WORK TO COMPLETE » Starting from the line with "1598 River Hill Way, Reno, NV 89523" and going up to and including the line with "02-05 Mercedes W163", copy the listing below exactly. Leave all images out.

○ ○ ○

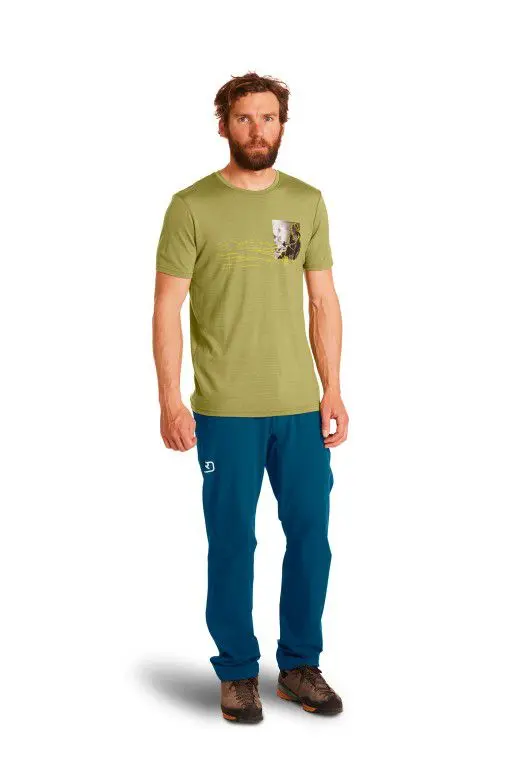 88300-140_COOL_ILLU_PIC_TS_M-M-01.jpg 140 Cool Illu-Pic Ts M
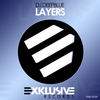 Layers (Original Mix) - DJ DeepBlue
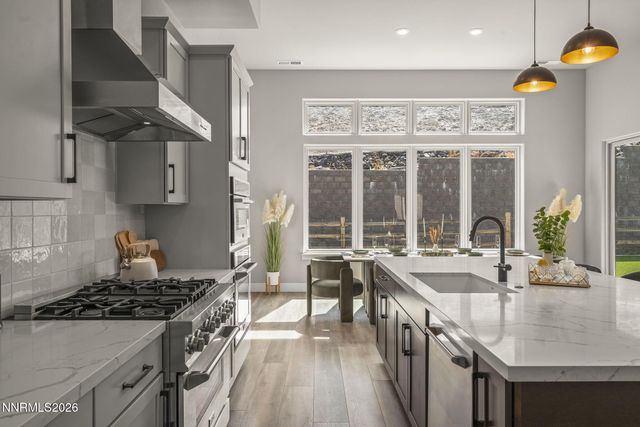 1598 River Hill Way, Reno, NV 89523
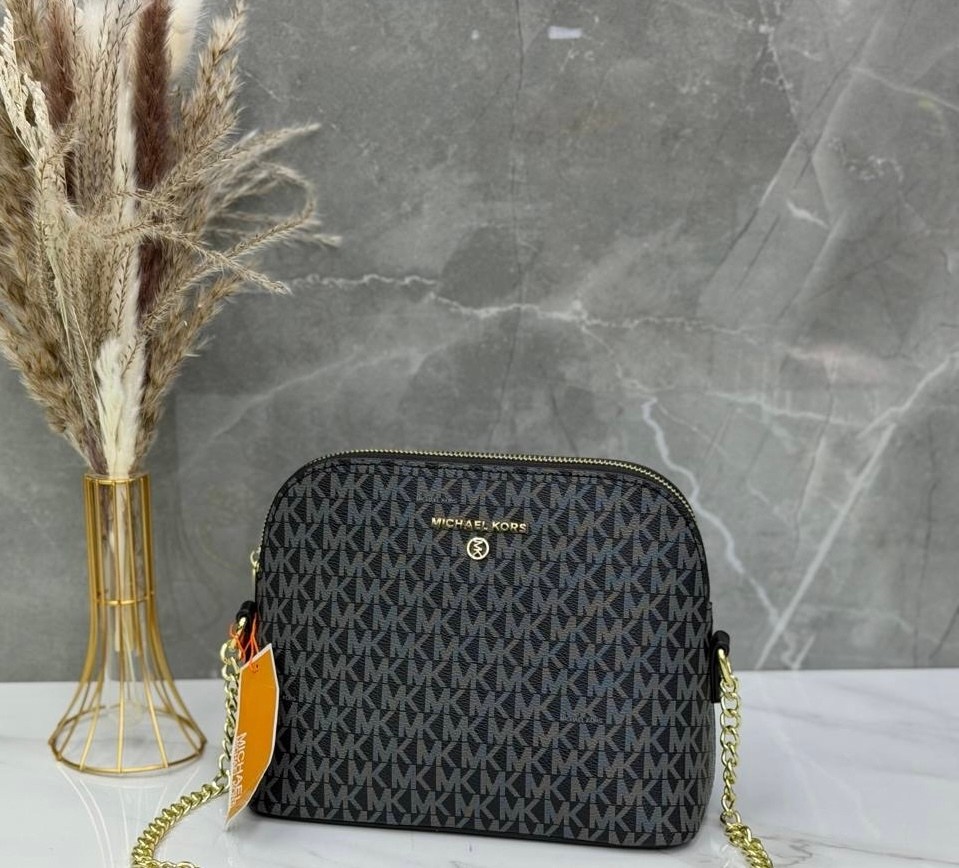 женская сумка michael kors,сумка michael kors,michael kors сумка на плечо,сумка кросс-боди michael kors,сумка на плечо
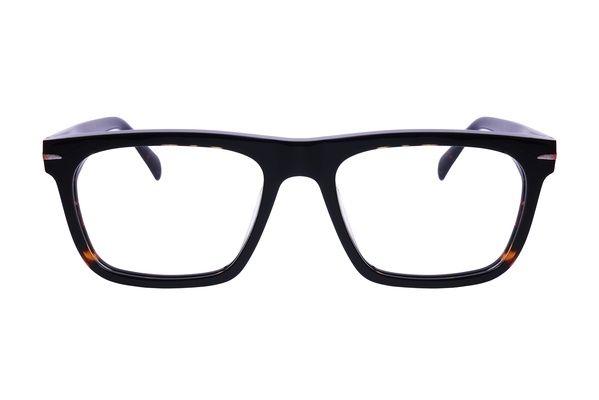 Vertice 1051 C6 53-20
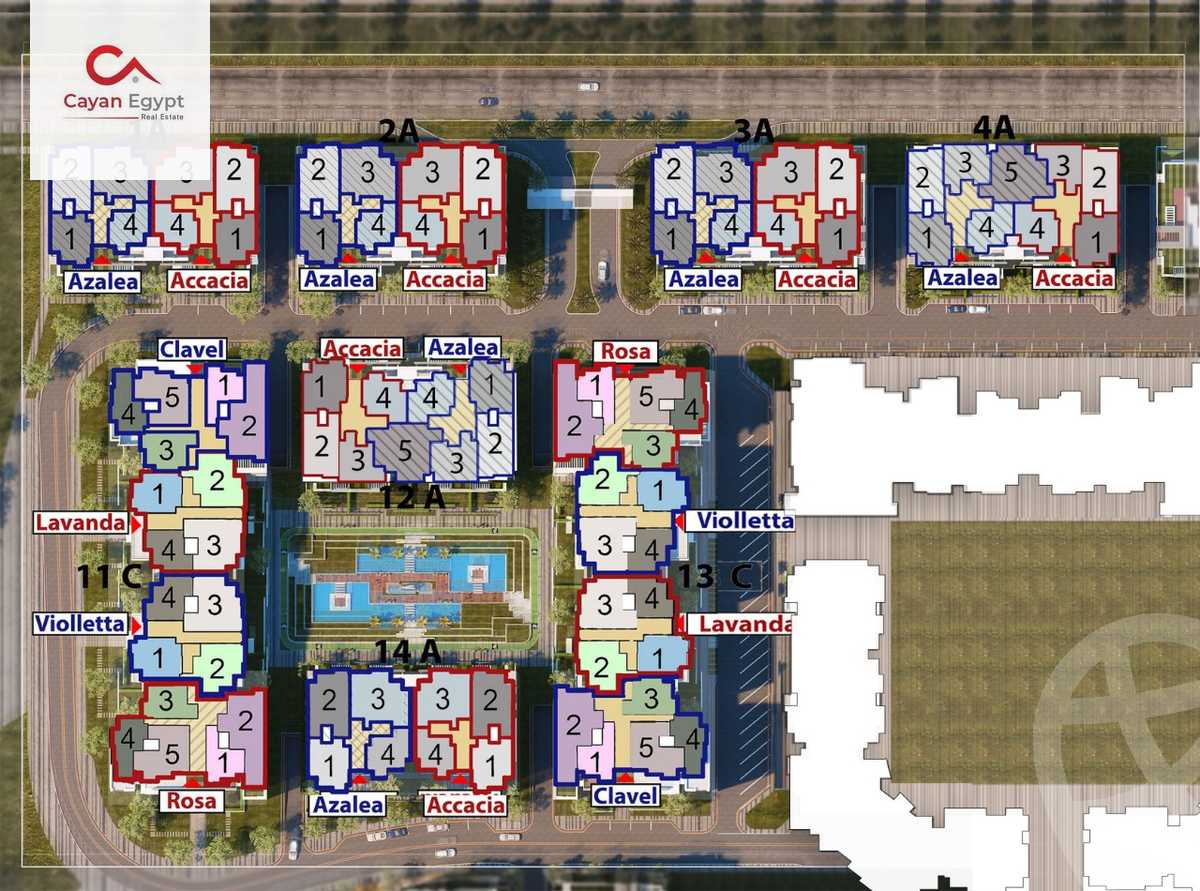 https://aqarmap.com.eg/ar/listing/4342239-for-sale-cairo-new-cairo-lmstqbl-syty-compounds-kmbwnd-l-myrd-lmstqbl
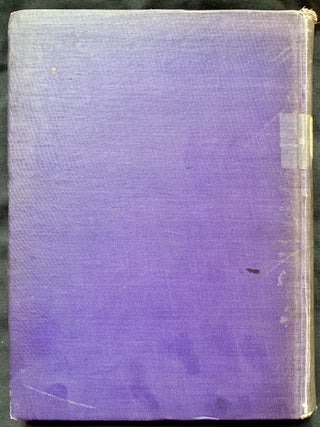 Item 281659. VISNSHAFTLEKHE YORBIKHER [<i>BOUND WITH</i>] SHRIFTN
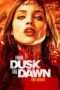 Nonton Streaming Download Drama From Dusk till Dawn: The Series Season 02 (2014) Subtitle Indonesia Nonton Streaming Download Drama From Dusk till Dawn: The Series Season 02 (2014) Subtitle Indonesia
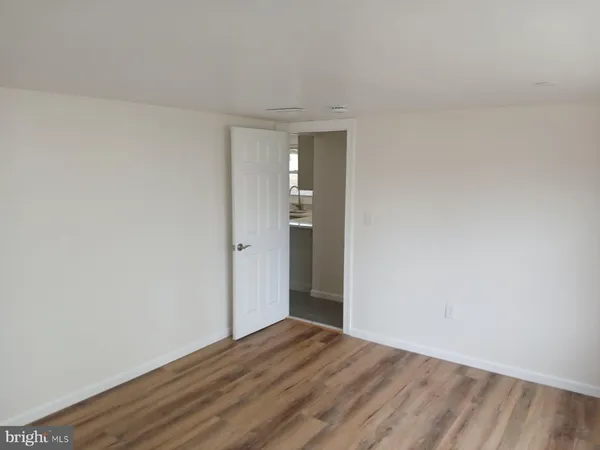 $350,000 | 22 Niagara Lane, Willingboro, NJ 08046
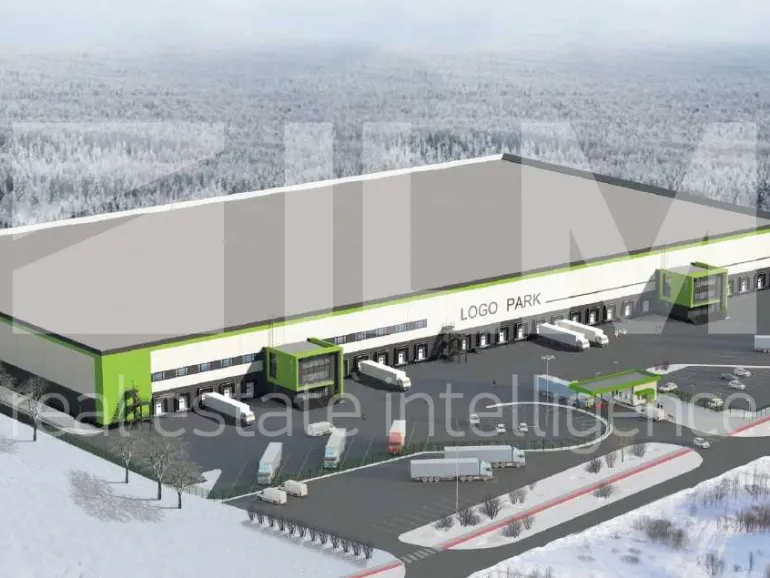 г Екатеринбург, Кольцовский тракт г Екатеринбург, Кольцовский тракт на продажу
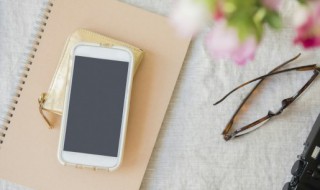 网名女简单阳光四字 四个字简单阳光的女孩昵称精选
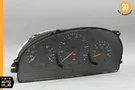 02-05 Mercedes W163 ML500 ML350 Instrument Cluster Speedometer 1635403811 210K. Fixed Price $74.70.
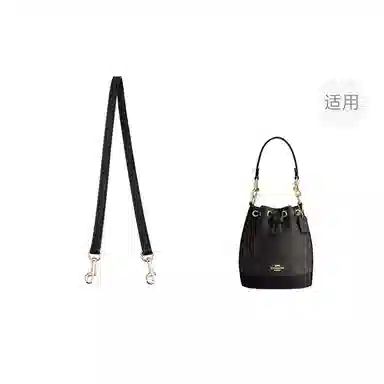 jingxi coachdempsey1514mini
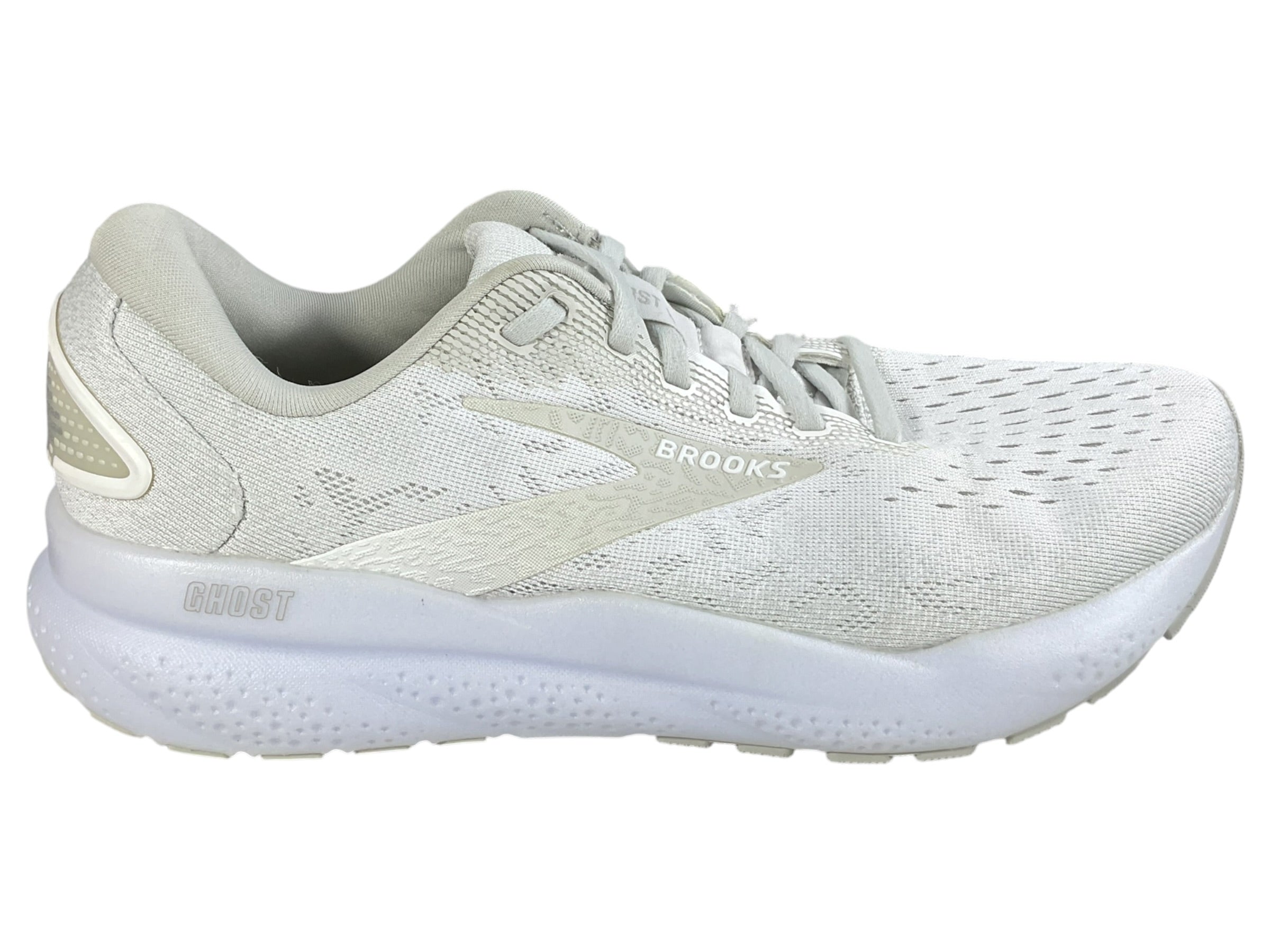 Tenis 8.5 (BROOKS)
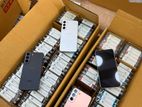 Samsung Galaxy S22 5G 256GB (Used)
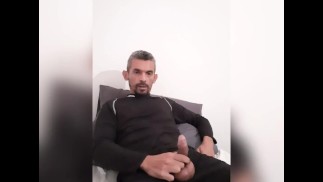 ОБЛАКА И НАГРУЗКА 4Marco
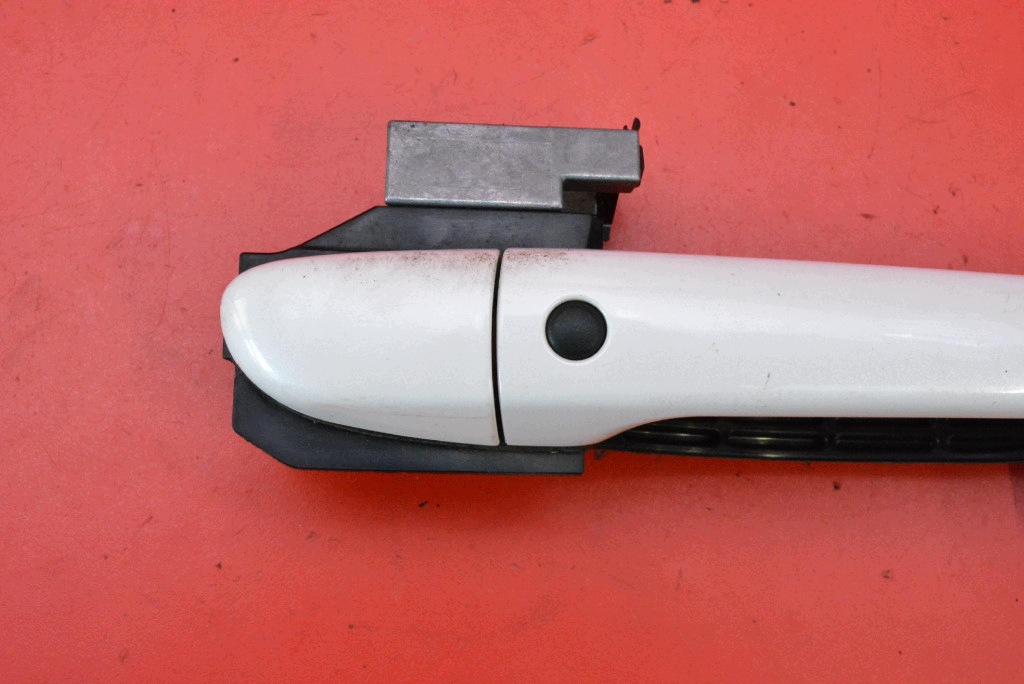 handle right front front 25D KEYLESS MAZDA MX-5 4 IV ND 15-21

○ ○ ○

WRITTEN ANSWER »
 1598 River Hill Way, Reno, NV 89523
 женская сумка michael kors,сумка michael kors,michael kors сумка на плечо,сумка кросс-боди michael kors,сумка на плечо
 Vertice 1051 C6 53-20
 https://aqarmap.com.eg/ar/listing/4342239-for-sale-cairo-new-cairo-lmstqbl-syty-compounds-kmbwnd-l-myrd-lmstqbl
 Item 281659. VISNSHAFTLEKHE YORBIKHER [<i>BOUND WITH</i>] SHRIFTN
 Nonton Streaming Download Drama From Dusk till Dawn: The Series Season 02 (2014) Subtitle Indonesia Nonton Streaming Download Drama From Dusk till Dawn: The Series Season 02 (2014) Subtitle Indonesia
 $350,000 | 22 Niagara Lane, Willingboro, NJ 08046
 г Екатеринбург, Кольцовский тракт г Екатеринбург, Кольцовский тракт на продажу
 网名女简单阳光四字 四个字简单阳光的女孩昵称精选
 02-05 Mercedes W163 ML500 ML350 Instrument Cluster Speedometer 1635403811 210K. Fixed Price $74.70.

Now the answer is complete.